About this exercise
Using the data below, please return every line exactly as given.

Excerpted data
::::

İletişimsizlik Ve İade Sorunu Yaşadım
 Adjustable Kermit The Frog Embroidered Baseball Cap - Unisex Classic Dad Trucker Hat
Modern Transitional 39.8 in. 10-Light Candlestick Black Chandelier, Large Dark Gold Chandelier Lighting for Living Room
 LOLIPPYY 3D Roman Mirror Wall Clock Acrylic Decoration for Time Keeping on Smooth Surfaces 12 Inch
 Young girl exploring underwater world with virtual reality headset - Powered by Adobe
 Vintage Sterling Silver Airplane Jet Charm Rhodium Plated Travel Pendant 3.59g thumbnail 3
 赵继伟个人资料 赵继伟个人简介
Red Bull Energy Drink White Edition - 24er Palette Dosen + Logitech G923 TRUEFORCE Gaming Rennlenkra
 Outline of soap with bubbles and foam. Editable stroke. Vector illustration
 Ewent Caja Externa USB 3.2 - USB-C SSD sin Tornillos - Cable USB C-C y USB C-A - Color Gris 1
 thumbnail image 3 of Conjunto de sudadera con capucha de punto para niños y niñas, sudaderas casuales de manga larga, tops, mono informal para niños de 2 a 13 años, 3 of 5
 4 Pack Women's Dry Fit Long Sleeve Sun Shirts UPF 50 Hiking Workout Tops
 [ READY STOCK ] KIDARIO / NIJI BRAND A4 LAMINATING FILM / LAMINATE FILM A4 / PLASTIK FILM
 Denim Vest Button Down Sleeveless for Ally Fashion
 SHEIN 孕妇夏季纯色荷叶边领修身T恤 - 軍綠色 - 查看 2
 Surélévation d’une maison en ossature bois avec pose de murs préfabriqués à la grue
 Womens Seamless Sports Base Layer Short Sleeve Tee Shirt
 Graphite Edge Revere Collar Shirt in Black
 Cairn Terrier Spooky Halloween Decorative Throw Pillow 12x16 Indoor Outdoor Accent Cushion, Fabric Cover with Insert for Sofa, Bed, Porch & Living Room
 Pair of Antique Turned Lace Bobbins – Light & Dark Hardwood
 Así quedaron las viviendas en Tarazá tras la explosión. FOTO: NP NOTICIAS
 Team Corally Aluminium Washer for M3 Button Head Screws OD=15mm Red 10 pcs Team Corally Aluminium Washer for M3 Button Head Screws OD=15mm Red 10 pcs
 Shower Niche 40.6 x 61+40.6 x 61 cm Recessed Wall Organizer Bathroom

::::

Output for this task
İletişimsizlik Ve İade Sorunu Yaşadım
 Adjustable Kermit The Frog Embroidered Baseball Cap - Unisex Classic Dad Trucker Hat
Modern Transitional 39.8 in. 10-Light Candlestick Black Chandelier, Large Dark Gold Chandelier Lighting for Living Room
 LOLIPPYY 3D Roman Mirror Wall Clock Acrylic Decoration for Time Keeping on Smooth Surfaces 12 Inch
 Young girl exploring underwater world with virtual reality headset - Powered by Adobe
 Vintage Sterling Silver Airplane Jet Charm Rhodium Plated Travel Pendant 3.59g thumbnail 3
 赵继伟个人资料 赵继伟个人简介
Red Bull Energy Drink White Edition - 24er Palette Dosen + Logitech G923 TRUEFORCE Gaming Rennlenkra
 Outline of soap with bubbles and foam. Editable stroke. Vector illustration
 Ewent Caja Externa USB 3.2 - USB-C SSD sin Tornillos - Cable USB C-C y USB C-A - Color Gris 1
 thumbnail image 3 of Conjunto de sudadera con capucha de punto para niños y niñas, sudaderas casuales de manga larga, tops, mono informal para niños de 2 a 13 años, 3 of 5
 4 Pack Women's Dry Fit Long Sleeve Sun Shirts UPF 50 Hiking Workout Tops
 [ READY STOCK ] KIDARIO / NIJI BRAND A4 LAMINATING FILM / LAMINATE FILM A4 / PLASTIK FILM
 Denim Vest Button Down Sleeveless for Ally Fashion
 SHEIN 孕妇夏季纯色荷叶边领修身T恤 - 軍綠色 - 查看 2
 Surélévation d’une maison en ossature bois avec pose de murs préfabriqués à la grue
 Womens Seamless Sports Base Layer Short Sleeve Tee Shirt
 Graphite Edge Revere Collar Shirt in Black
 Cairn Terrier Spooky Halloween Decorative Throw Pillow 12x16 Indoor Outdoor Accent Cushion, Fabric Cover with Insert for Sofa, Bed, Porch & Living Room
 Pair of Antique Turned Lace Bobbins – Light & Dark Hardwood
 Así quedaron las viviendas en Tarazá tras la explosión. FOTO: NP NOTICIAS
 Team Corally Aluminium Washer for M3 Button Head Screws OD=15mm Red 10 pcs Team Corally Aluminium Washer for M3 Button Head Screws OD=15mm Red 10 pcs
 Shower Niche 40.6 x 61+40.6 x 61 cm Recessed Wall Organizer Bathroom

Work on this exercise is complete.